Bureaucracy vs. Friendship

The response to friendship and the view as to whether or not friendship is of crucial importance to one’s life have differed across periods of time. In the Hellenic and Hellenistic periods of western thinking, friendship was considered a crucial moral paradigm. Aristotle, one of the great philosophers who wrote during the Hellenic period, claimed that where there was friendship in a society, there was no need for justice. This belief was held by many and came to characterize Hellenic discourse on friendship, as well as the Hellenistic discourse after it.

As the medieval ages began and Christianity spread in popularity across Europe, friendship soon because a less important paradigm. Because friendship was a preferential love and Christianity emphasized loving everyone, friendship as a dominant moral paradigm declined. People soon began focusing on individuality and self-perfection as a means to obtain heaven, and friendship was, considered by some, only important in that it allowed one to know oneself and thus work towards perfection. This belief was carried into modernity, and as people have continued to hold that perfection and happiness is a solitary venture through time, friendship has not found its way into being a dominant belief important to political and social systems in society.

There are some common threads between ancient and modern values, such as the distinction within friendship between utility and affinity, a shared, common humanity and devotion to the good through knowing the good of one’s friend; however, the main distinctions which set apart modern society from ancient society is the importance placed on individuality and personal freedom1. However, as will be explained, friendship is still crucial to modern society, and there must be a paradigm shift which brings friendship back to the forefront of conduct in the world, a notion which is still possible even with the emphasis placed on personal freedom and individuality.

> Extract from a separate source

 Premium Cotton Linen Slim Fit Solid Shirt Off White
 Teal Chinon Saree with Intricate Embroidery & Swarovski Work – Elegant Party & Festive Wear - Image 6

For Aristotle, the best city is one in which citizens can become friends2. This requires a political structure which is conducive to human interaction and benevolence. Bureaucracy is now the dominant form of governance, and is contended by some thinkers, such as Max Weber, to be the most rational form of government as it organizes both the state and people into a hierarchy which allows the state to operate without favoritism when it comes time for citizens to interact with the state, face to face3. Thomas Hobbes, an important medieval thinker, was also a strong proponent of bureaucracy because of its impersonal nature; he believed humans naturally gravitate towards a mutual enmity of one another, and bureaucracy is the impartial system which would allow for the state to distribute justice without discrimination4. Although Michel de Montaigne, another important medieval philosopher, tended to see eye to eye with the ancient philosophers with regards to friendship, he also questioned whether or not friendship and the potential to be civic and operate within the state because of its unique nature, varying from one set of friends to the next5. Is the bureaucracy, which now operates as the dominant form of governance in modernity, able to be friendly while remaining rational and impartial?

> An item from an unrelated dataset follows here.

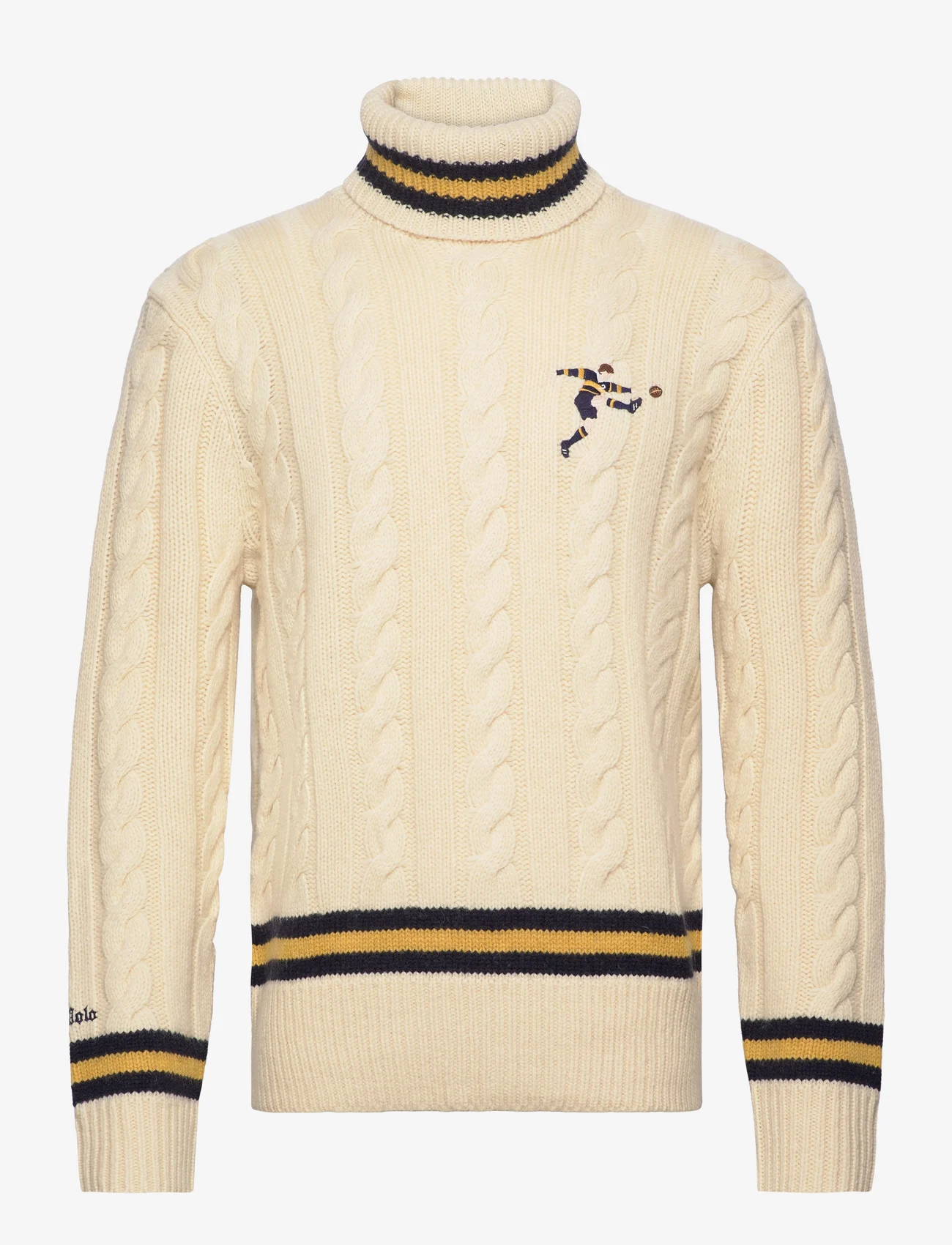 Polo Ralph Lauren - Cable-Knit Wool-Blend Turtleneck Sweater - džemperi ar augstu apkakli - cream combo - 0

I believe bureaucracy has been a major factor which has guided society away from seeing friendship as a personal goal towards viewing it as a part of life which exists but in its best form simply allows us to become better versions of ourselves. If a state, with its bureaucratic limbs pushing down on citizens, who see the bureaucracy simply as this monolithic and, at times, feared body, is  incapable of seeing the humanity of the individuals who inhabit the state, there will always exist a tension which forces itself into all arenas of life, both political and apolitical. A state which cannot see the humanity in its own subject will surely be unable to recognize the humanity which exists in other states, and surely that is a recipe for war. Perhaps a bureaucracy is ideal when it comes to mediation in everyday affairs and setting norms, but for building relationships with its own subjects it seeks to maintain an objective view which favors no one and has no use whatsoever for friendship. To carry this view into the realm of international relations, a view which only sees objective facts and not subjective lines of reasoning, would surely look upon international conflict as a means to an end and not the destructive mess that it is.

Bureaucracy may be the pinnacle of incorporating rationalization into governance, but it should allow for a blending of state and citizen bodies in which conversation and commonality prevails. If the state remains a faceless monolith, distrust and enmity will prevail and friendship will be harder to attain. A paradigm shift in modernity towards friendship would morph the state into an ally from its current status as a mediator (or even enemy) to its citizens. This shift would help build a state in which citizens would no longer have to worry or fear the governing body and could instead focus on building and maintaining strong friendships. If the individual is striving for perfection within the state so as not to make waves or draw scrutiny for the government, friendships are cast aside. To let people simply be themselves without a fear of the state would surely free them up to explore interpersonal relationships and be content amongst friends.

Endnotes:

  1. Professor J. Mahallati, In-class lecture on 3/15.
  2. Professor J. Mahallati, In-class lecture on 3/15.
  3. Max Weber, Economy and Society, (1922).
  4. Professor J. Mahallati, In-class lecture on 3/15.
  5. Professor J. Mahallati, In-class lecture on 3/15.